Quantos controlos tem por ano?
Não faço muitos controlos por ano. Tive um período, em 2008-09, em que fiz mais controlos. Em 2011, fiz o meu passaporte biológico e houve uma quebra substancial no número de controlos e até acho que é pouco. Se sei que há falhas no sistema, como é que hei-de acreditar nos outros?

Que opinião tem de Lance Armstrong, antes e depois de ter sido apanhado?
Acho que toda a gente já sabia que ele estava dopado. Eu vi o documentário e ele disse que todos estavam dopados e que ele era o melhor. O Armstrong estava dopado e toda a gente sabia. Todos ficaram chocados quando se revelou ao mundo. Tiraram-lhe os títulos, mas sabemos que os outros também estavam. Qual seria a solução para este problema? Deixá-lo ficar com os títulos, isso também seria um mau exemplo para os atletas novos. Puseram-no lá em cima, mesmo sabendo que ele estava dopado. Protegiam-no porque ele fazia a modalidade voar.

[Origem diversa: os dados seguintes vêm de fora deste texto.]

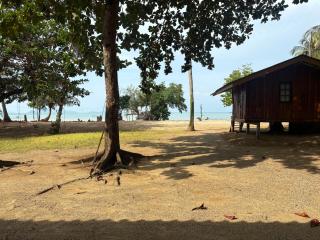 Koh Mak Green View Resort - 9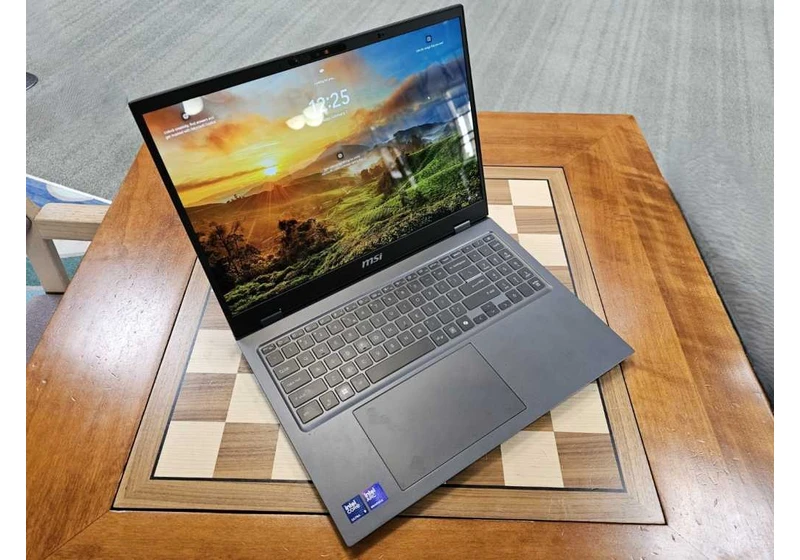Intel’s new laptops CPUs last forever. But I didn’t expect the performance leap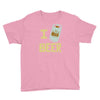 i beer beer Youth Tee
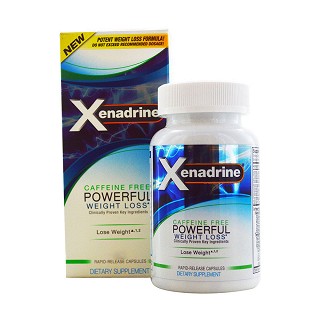 xenadrine powerful weight loss(xenadrine)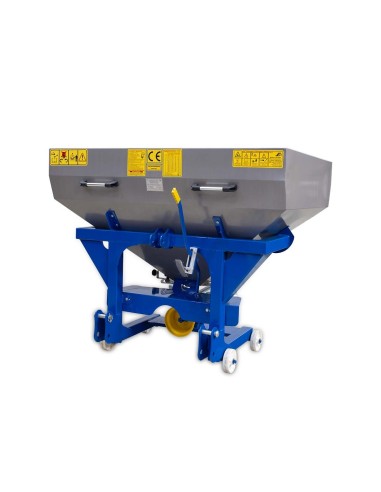 Λιπασματοδιανομέας L800M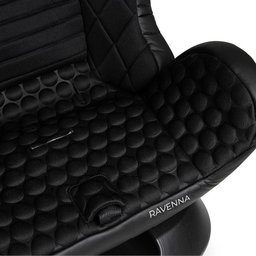 Cadeirinha de Carro Ravenna Preto - Infanti - 9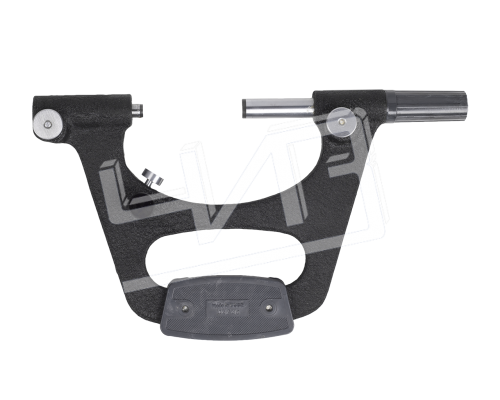 Скоба индикаторная СИ- 100 0,01 б/инд. КировИнструмент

Acontece o mesmo com o Usain Bolt. Se ele alguma vez for apanhado, o atletismo perde o seu pilar principal. Da mesma forma que o Armstrong era o pilar do ciclismo, o Usain Bolt é o pilar do atletismo. Enche estádios. Os atletas estão todos dopados? Não, não estão. Mas as pessoas pagam para ver o espectáculo. O Ben Johnson chegou a vir a Portugal e eu fui ver [a 10 de Junho de 1992, no Estádio José Alvalade, no Meeting de Sto. António]. As organizações pensam desse ponto de vista, do espectáculo e do lucro.